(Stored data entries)
——————————

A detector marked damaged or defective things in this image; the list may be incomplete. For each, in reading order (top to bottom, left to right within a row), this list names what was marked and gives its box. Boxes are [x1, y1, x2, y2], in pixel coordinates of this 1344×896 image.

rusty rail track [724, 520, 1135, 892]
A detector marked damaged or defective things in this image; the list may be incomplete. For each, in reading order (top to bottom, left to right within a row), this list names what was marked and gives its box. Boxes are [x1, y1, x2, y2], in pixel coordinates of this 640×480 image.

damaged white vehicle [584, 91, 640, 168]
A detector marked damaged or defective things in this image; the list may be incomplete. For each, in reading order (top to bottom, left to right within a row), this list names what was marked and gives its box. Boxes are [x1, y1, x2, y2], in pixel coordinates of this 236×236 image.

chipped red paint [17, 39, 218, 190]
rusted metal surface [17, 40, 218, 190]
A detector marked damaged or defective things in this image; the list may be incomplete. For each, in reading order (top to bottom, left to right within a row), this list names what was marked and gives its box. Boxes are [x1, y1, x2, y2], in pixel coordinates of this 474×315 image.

——————————

=== INSTRUCTIONS FOR THE TASK ===
Each of the lines from the one holding "this 236×236 image." through the final line of the entries is to be set down exactly, and no others.

=== EXERCISE SOLUTION ===
A detector marked damaged or defective things in this image; the list may be incomplete. For each, in reading order (top to bottom, left to right within a row), this list names what was marked and gives its box. Boxes are [x1, y1, x2, y2], in pixel coordinates of this 236×236 image.

chipped red paint [17, 39, 218, 190]
rusted metal surface [17, 40, 218, 190]
A detector marked damaged or defective things in this image; the list may be incomplete. For each, in reading order (top to bottom, left to right within a row), this list names what was marked and gives its box. Boxes are [x1, y1, x2, y2], in pixel coordinates of this 474×315 image.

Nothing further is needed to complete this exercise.